YOUR ASSIGNMENT:
In the records below, the lines between the one holding "In this live" and the one holding "If you have", inclusive, are to be transcribed exactly; no pictures are to be included.

DATA RECORDS:
* * * * * * * * *
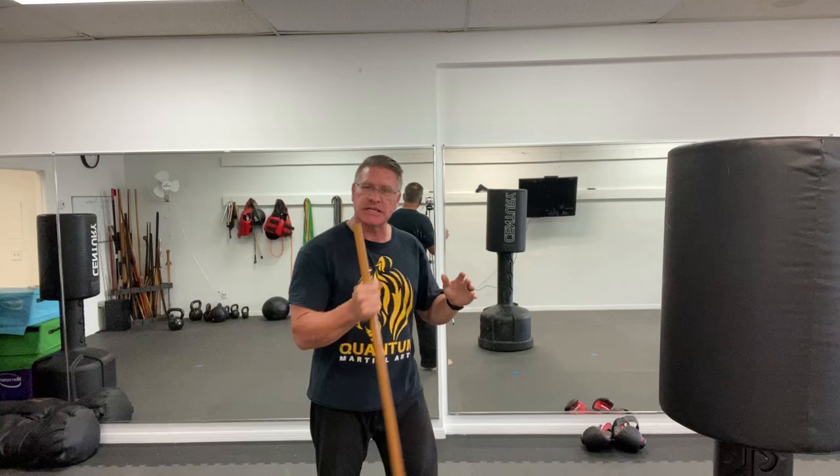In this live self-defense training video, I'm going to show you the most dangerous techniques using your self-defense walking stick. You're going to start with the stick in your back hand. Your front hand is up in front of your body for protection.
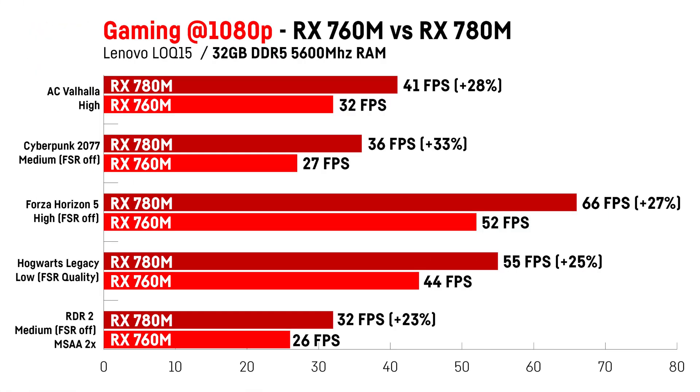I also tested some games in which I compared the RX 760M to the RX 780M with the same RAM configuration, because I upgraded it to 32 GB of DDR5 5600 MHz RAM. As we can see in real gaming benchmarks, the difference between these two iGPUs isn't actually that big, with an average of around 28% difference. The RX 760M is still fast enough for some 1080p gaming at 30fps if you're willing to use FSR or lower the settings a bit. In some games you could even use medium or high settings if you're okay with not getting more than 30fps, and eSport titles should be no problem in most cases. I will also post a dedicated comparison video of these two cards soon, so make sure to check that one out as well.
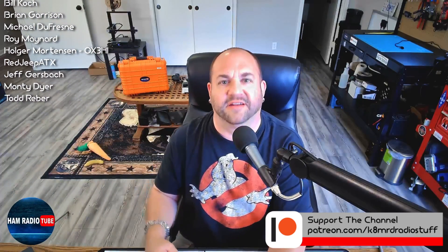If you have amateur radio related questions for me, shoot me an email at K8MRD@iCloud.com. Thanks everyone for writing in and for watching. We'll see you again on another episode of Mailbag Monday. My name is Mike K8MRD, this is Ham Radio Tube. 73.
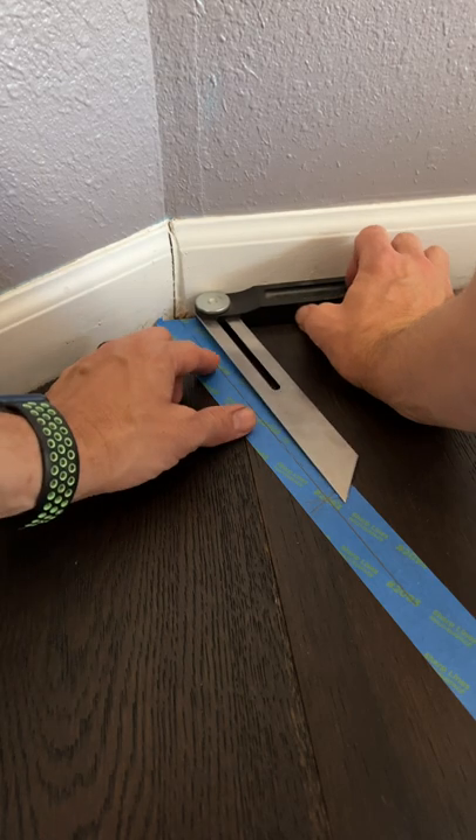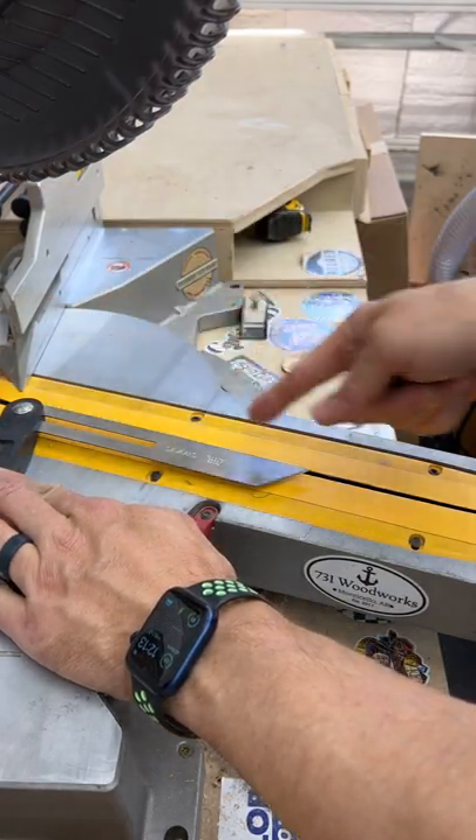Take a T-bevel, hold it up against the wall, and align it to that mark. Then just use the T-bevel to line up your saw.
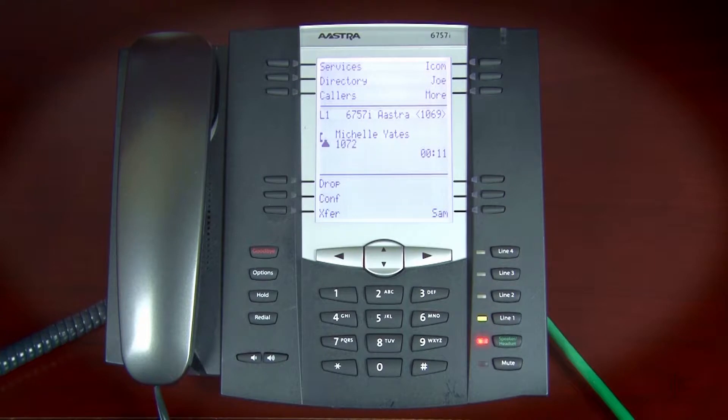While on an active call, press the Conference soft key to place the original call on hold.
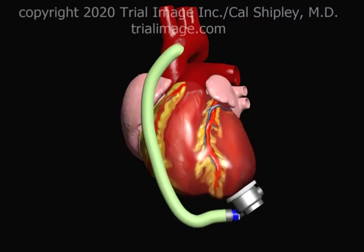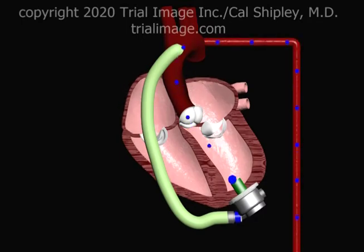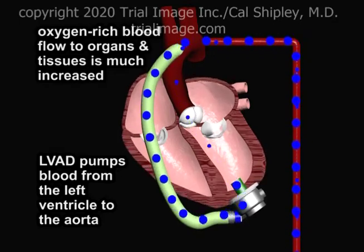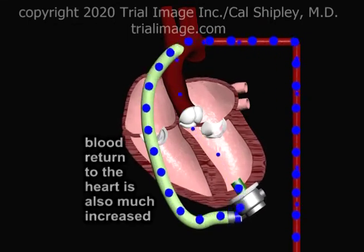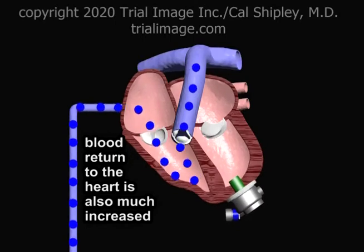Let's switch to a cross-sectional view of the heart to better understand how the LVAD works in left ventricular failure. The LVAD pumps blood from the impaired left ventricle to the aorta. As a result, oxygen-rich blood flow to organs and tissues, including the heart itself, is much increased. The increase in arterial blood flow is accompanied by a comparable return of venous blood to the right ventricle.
* * * * * * * * *
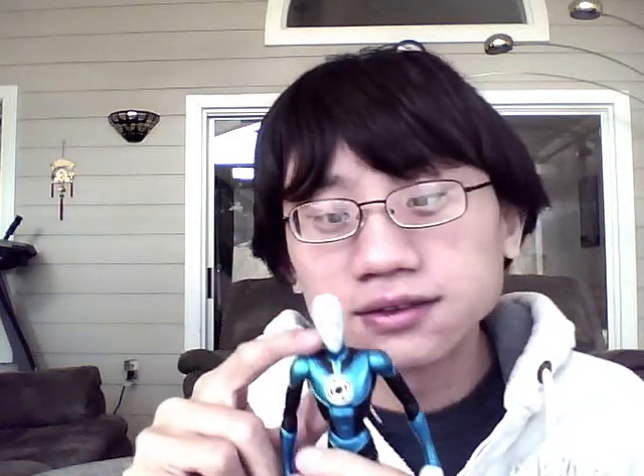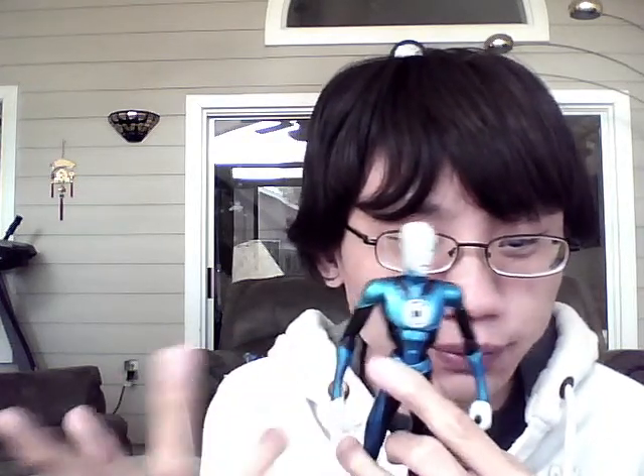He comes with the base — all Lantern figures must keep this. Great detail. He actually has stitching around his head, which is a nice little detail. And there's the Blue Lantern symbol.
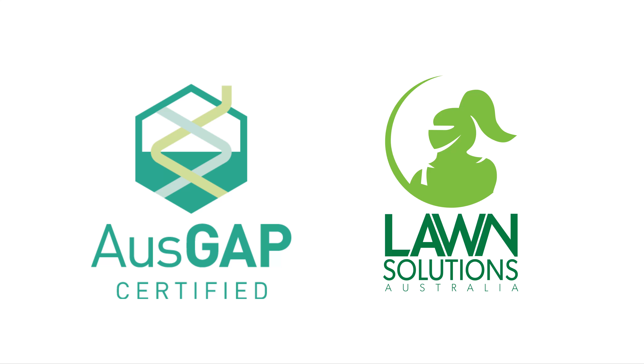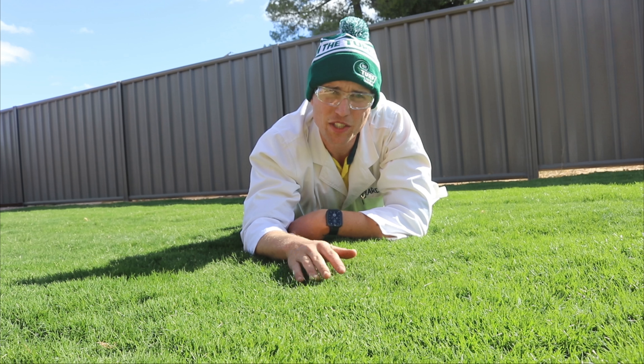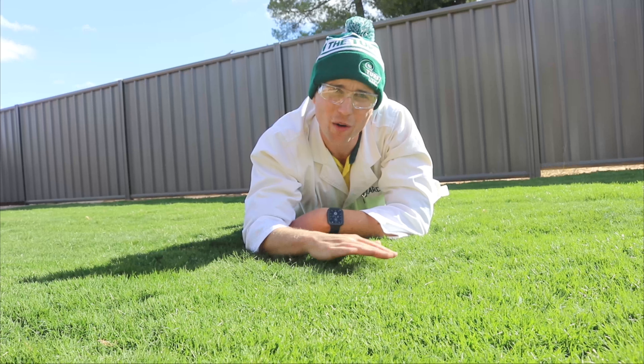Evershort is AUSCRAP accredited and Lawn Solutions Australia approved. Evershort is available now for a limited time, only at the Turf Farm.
* * * * * * * * *
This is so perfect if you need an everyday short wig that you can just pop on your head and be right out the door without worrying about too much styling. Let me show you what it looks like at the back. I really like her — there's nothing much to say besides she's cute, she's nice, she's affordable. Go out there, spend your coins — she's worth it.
* * * * * * * * *
ANSWER TO THIS TASK:
In this live self-defense training video, I'm going to show you the most dangerous techniques using your self-defense walking stick. You're going to start with the stick in your back hand. Your front hand is up in front of your body for protection.
I also tested some games in which I compared the RX 760M to the RX 780M with the same RAM configuration, because I upgraded it to 32 GB of DDR5 5600 MHz RAM. As we can see in real gaming benchmarks, the difference between these two iGPUs isn't actually that big, with an average of around 28% difference. The RX 760M is still fast enough for some 1080p gaming at 30fps if you're willing to use FSR or lower the settings a bit. In some games you could even use medium or high settings if you're okay with not getting more than 30fps, and eSport titles should be no problem in most cases. I will also post a dedicated comparison video of these two cards soon, so make sure to check that one out as well.
If you have amateur radio related questions for me, shoot me an email at K8MRD@iCloud.com. Thanks everyone for writing in and for watching. We'll see you again on another episode of Mailbag Monday. My name is Mike K8MRD, this is Ham Radio Tube. 73.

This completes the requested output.